Ubongo 3D is a spatial puzzle game for 1 to 4 players, ages 8 and up, and takes about 25 minutes to play. It was first published in 2009, but is still being reprinted. Ubongo 3D retails for $42.95 and is available directly from Thames & Kosmos.

Ubongo 3D was designed by Grzegorz Rejchtman and published by KOSMOS, with art by Bernd Wagenfeld, Karl Homes, and Nicolas Neubauer.

Ubongo 3D components
Ubongo 3D components. Photo: Jonathan H. Liu

Ubongo 3D Components

Here’s what comes in the box:

  • 72 Puzzle cards (double-sided)
  • 32 Puzzle Pieces (4 sets of 8 pieces)
  • 58 Gems:
    • 19 Sapphires
    • 19 Amber
    • 10 Rubies
    • 10 Emeralds
  • Cloth bag
  • Wooden die
  • Hourglass
Ubongo 3D puzzle pieces
Each player will get a set of these 8 pieces. Photo: Jonathan H. Liu

The puzzle pieces are plastic blocks in various shapes, like polyominoes but some bend in three dimensions instead of just two. There are 8 unique shapes, divided into 4 colors—though the colors are primarily to help you identify the pieces and aren’t important for the puzzle assembly itself. The pieces are a nice size, easy to handle and with a bit of heft to them. The plastic has a matte finish so they aren’t too slippery.

Ubongo 3D puzzle cards
Puzzle cards come in 4 different difficulty levels. Photo: Jonathan H. Liu

The puzzle cards are large and double-sided, with 4 different difficulty levels in total. Each card shows an outline of a shape, and has 2 to 6 sets of pieces listed along the side, indicating which pieces to use while assembling the puzzles. The outlines are the actual size of the puzzle pieces so that you build directly on the cards.

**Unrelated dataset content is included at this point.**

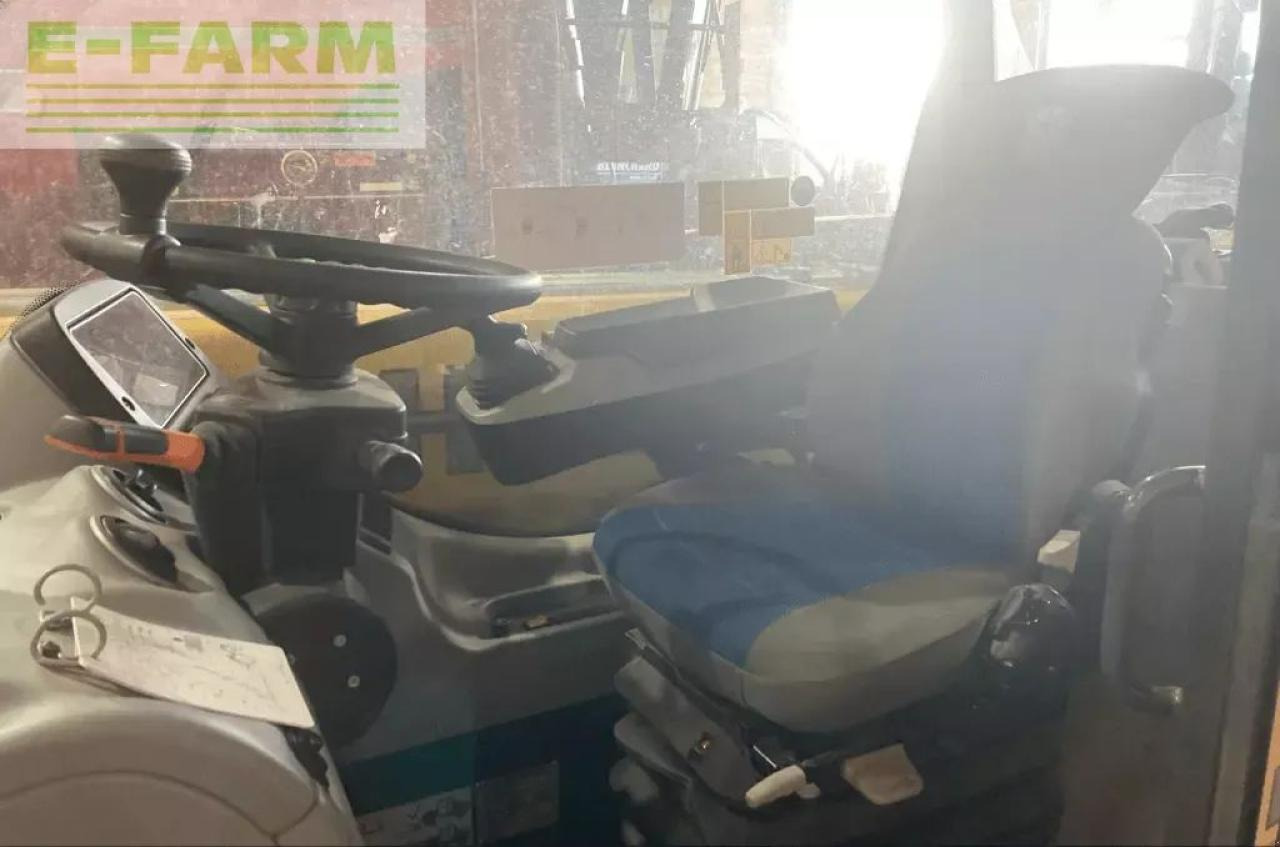 New Holland th7.42 elite s5 - Teleskopický manipulátor: obrázek 3 New Holland th7.42 elite s5 - Teleskopický manipulátor: obrázek 3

The rest of the components are pretty standard: little plastic gems, a standard wooden die, and a small plastic sand timer. The cloth bag is for the gems and has a good drawstring that keeps the bag shut for storage.

How to Play Ubongo 3D

You can download a copy of the rulebook here.

The Goal

The goal of the game is to score the most points by solving puzzles quickly.


Give each player a set of puzzle pieces and 9 puzzle boards; everyone can choose which difficulty level to use. Set your stack of cards face-down.

Put 9 sapphires and 9 amber gems on the table, forming two rows, and put the rest of the gems in the bag.


The game takes place over 9 rounds. At the beginning of the round, each player turns over their top puzzle card, and one player rolls the die. Compare the die roll to the charts on your puzzle card to find which pieces you will use for this round.

Then turn the timer over, and everyone simultaneously attempts to solve their puzzle. To solve your puzzle, you must use your pieces so that it fills the outline exactly and is 2 levels high throughout.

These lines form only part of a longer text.